If the sequence is not received in a certain (very short) period of time Aladin goes into 1st logbook data display.
First, please note that all the bytes on the serial line are bit reversed, i.e., if
received/sent bit order from Aladin: b0 b1 b2 b3 b4 b5 b6 b7then
ordinary bit order of PC: b7 b6 b5 b4 b3 b2 b1 b0.So we must rearrange every received byte before proceeding further data processing. And similarly, we must do so to every byte before sending to Aladin.
In this interpreter mode, Aladin does the following:
(1) Receive one byte from PC (or MemoMouse).
(2) Execute the received byte. (If the byte is "EXIT (0xe7)" then
Aladin exits from "Interpreter Mode" and goes into 1st
logbook data display.)
(3) If there are some return value(s) after execution, send the
byte(s) to PC (or MemoMouse).
(4) Send a byte 0x84 (= bit reverse of 0x21, the ASCII '!')
to PC (or MemoMouse).
(5) Go to step (1).
In order to understand the mechanism of how Aladin executes received bytes, we introduce a model of an assembly language with a virtual CPU explained below.
The virtual CPU is a 4-bits CPU, and has only one index register.
+--------+--------+
Index register HL : | H | L |
+--------+--------+
The register HL has 8 bits width, and higher nibble is called 'H' and lower 'L'.
The memory map for this virtual CPU is the same to the real data memory map of 4-bits CPU (uPD75316) of Aladin. Some addresses have special meanings to some CPU instructions: We assign a symbol to each of these addresses in order to simplify the explanation.
+--------+--------+
Y : | 0x011 | 0x010 |
+--------+--------+
+--------+--------+
A : | 0x013 | 0x012 |
+--------+--------+
+--------+
DP : | 0x014 |
+--------+
+--------+--------+
BR : | 0x015 | 0x014 |
+--------+--------+
Note: The CPU is 4-bits and big-endian, i.e., every address can hold 4 bits and every byte (8 bits) is stored in even address (higher nibble is located in higher address).
Next is the table of instruction set of the virtual CPU. Detailed explanation follows.

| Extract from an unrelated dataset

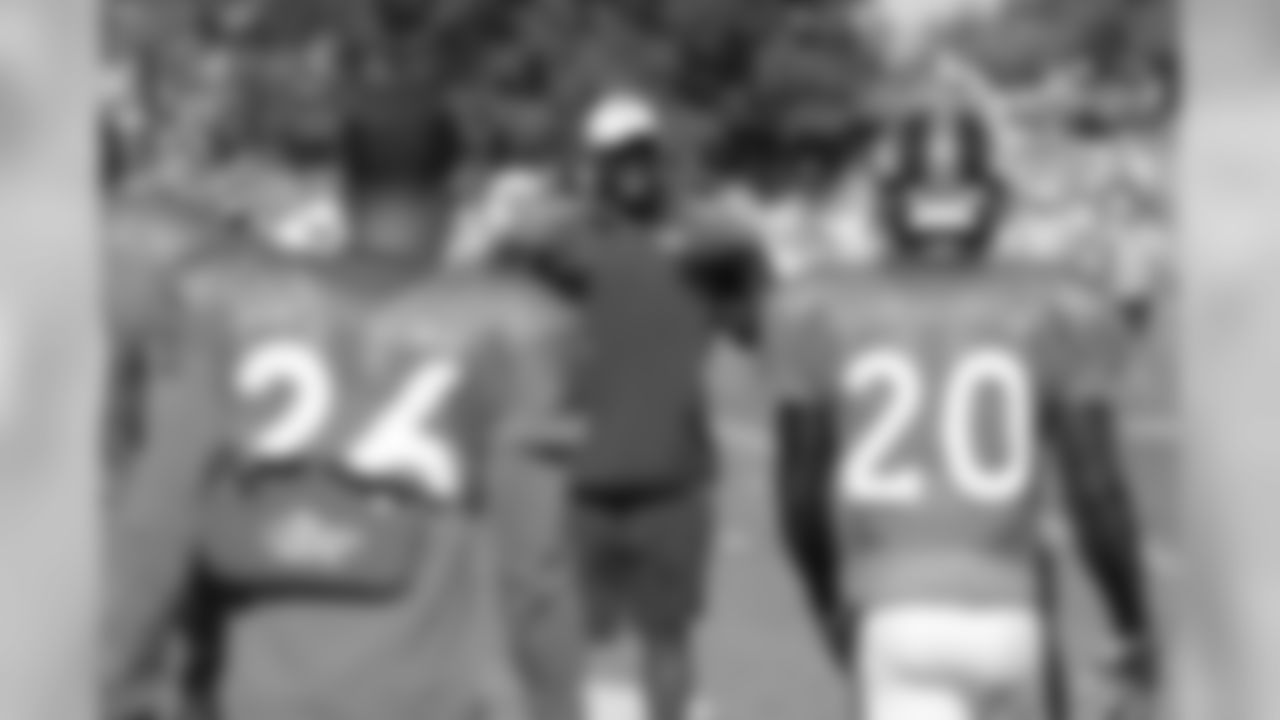 Assistant Secondary Coach Sam Garnes leads the safeties to their next drill.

Mnemonic Operand Instruction Code
================================================
LD H,#n4 I3 I2 I1 I0 1 0 0 1
L,#n4 I3 I2 I1 I0 1 1 1 0
------------------------------------------------
PRINT (HL+) 0 0 0 0 0 1 0 1
(DP:HL+) 0 0 0 0 1 0 1 0
------------------------------------------------
ST (HL+),#n4 I3 I2 I1 I0 0 0 1 1
(DP:HL+),#n4 I3 I2 I1 I0 1 1 0 0
------------------------------------------------
OUT (BR:Y),A 0 1 1 0 0 1 1 1
------------------------------------------------
IN A,(BR:Y) 1 0 1 0 0 1 1 1
------------------------------------------------
EXIT 1 1 1 0 0 1 1 1
------------------------------------------------
NOP 1 1 1 1 1 1 1 1
================================================
LD H,#n4
Load the immediate 4 bits value n4 = I3:I2:I1:I0 to register H.
LD L,#n4
Load the immediate 4 bits value n4 = I3:I2:I1:I0 to register L.
PRINT (HL+)
Returns the 4 bits content of the address pointed by index
register HL. The return value is sent to PC (or MemoMouse)
as an 8 bits value
I3 I2 I1 I0 0 1 1 0
where I3:I2:I1:I0 is the content of the address.
After the value was sent, the index register HL is incremented
by 1.
PRINT (DP:HL+)
Returns the 4 bits content of the address designated by index
register HL and memory location DP (0x0014). The address is
calculated as
(DP << 8) + HL
The return value is sent to PC (or MemoMouse) as an 8 bits value
I3 I2 I1 I0 0 1 1 0
where I3:I2:I1:I0 is the content of the address.
After the value was sent, the index register HL is incremented
by 1. (Note: If index register HL overflows, it just becomes
zero and makes no influence to the content of DP.)
ST (HL+),#n4
Stores the immediate 4 bits value n4 = I3:I2:I1:I0 to the address
pointed by index register HL.
After storing the 4 bits, the index register HL is incremented
by 1.
ST (DP:HL+),#n4
Stores the immediate 4 bits value n4 = I3:I2:I1:I0 to the address
designated by index register HL and memory location DP (0x0014).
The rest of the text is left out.